The labor force participate rate would (theoretically) capture this:
https://www.bls.gov/charts/employment-situation/civilian-lab...
If you stop looking for 4 weeks, you're not employed but not "unemployed" (in their numbers).
The BLS collect and categorizes this data in every conceivable way. You can see, for example, that the duration of unemployment is actually quite low compared to previous recessions: https://www.bls.gov/charts/employment-situation/duration-of-...
When this point of unemployment is hit, it always acts as an inflection point before the trend reverses and unemployment goes up.
Depending on your personal financial circumstances, it may be many months before you end up "seeing this with your own eyes". Inflation won't eat up your savings over night - but over a period of 5-10 years, combined with increasing energy prices, interest rates, costs of living and salary stagnation? A lot can change. It's a boiling frog situation...

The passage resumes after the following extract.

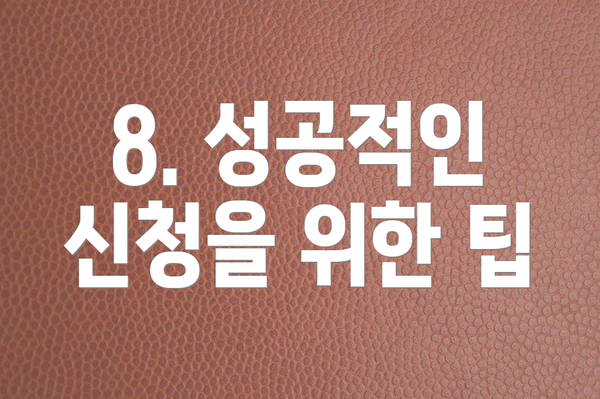 8. 성공적인 신청을 위한 팁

Otherwise when I look around it seems like the restaurants are busy, people are taking holidays (even those who wouldn't usually), and people as a whole seem better off than they've been in a while...

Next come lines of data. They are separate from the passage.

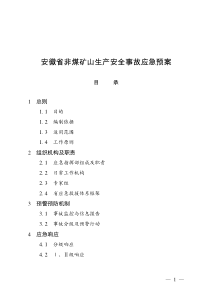安徽省非煤矿山生产安全事故应急救援预案 - 安徽省非煤矿山安全生产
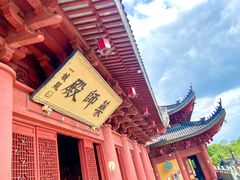 -上海东林寺(金山区)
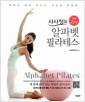 (샤샤정의 하루 20분) 알파벳 필라테스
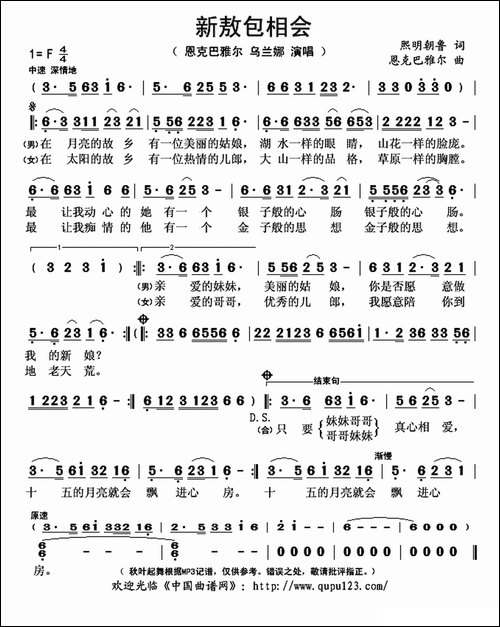 新敖包相会-熙明朝鲁词-恩克巴雅尔曲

It kind of seems like the view of the economy is being manipulated, because here on the street everything looks hunky dory.
Some people. The lower classes are definitely struggling a lot more recently, especially given the rental market going bonkers.

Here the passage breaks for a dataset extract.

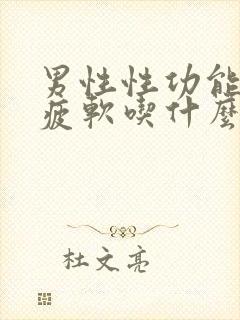 男性性功能中途疲软吃什么药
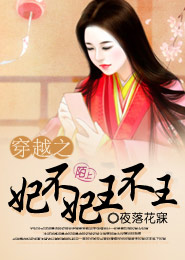 梦游女正谱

Economies don't roll-over in a month, sometimes it takes years. But this cycle has peaked. Inflation and rising interest rates will cause all kinds of issues, including the highest mortgage rates in 30 years.
With traffic stats for HN, so we could see if there was a change in traffic/participation, or something else.
My personal thought is that many startups have been advised by investors to trim the sails for less follow on capital for a while, and that results in more conservative hiring. What I'm seeing at the day job (I have a recruiting tech platform), is that non-tech companies have plenty of open tech jobs to go around - and still can't find enough people.
What is currently in demand, what is desirable?
People wanting a Mobile Developer with knowledge both in iOS and Android, and it wouldn't hurt if you knew some crass platform solution also.
I see posting with wanting 8+ years in a particular framework or language...
Am I the only one who finds that insane? I know that before "the requirements" were more like "wants" and if you are a good candidate, the company will give you a chance, but I have had situations right now where the recruiter would just answer point blank that all of the requirements must be met...
How are people with under 2,3,4 years of experience supposed to find a better paying job?
God forbid if you are fresh from college...
Around Q2/Q3 of 2023 we should have most supply chains stabilized again, and a better estimate of actual market demand.
Hang on, it is going to be one volatile winter... ;)
Don't fret about the state of the market - you can't do anything and it is irrelevant.
Focus on making sure your skills are up to date and you network and put yourself in the best position.
If there are a hundred less roles, it doesn't matter if you are in the top 10%, even the top 50% - just be better than average and you'll be fine.
I'll let you all know when I've scheduled my defense so that you can start stockpiling gas, food, ammo, and whatever else.
Does anyone know if such a resource already exists? Don't want to duplicate effort.
October 2021 [1]: 853 posts
October 2022 [2]: 415 posts
Not an exact comparison, as some posts will continue to trickle in to Oct 2022, but its still a sharp decline.
[1]: https://news.ycombinator.com/item?id=28719320
[2]: https://news.ycombinator.com/item?id=33068421
https://www.calculatedriskblog.com/2022/09/predicting-next-r...
Makes me realize how much I miss the glory days of rss.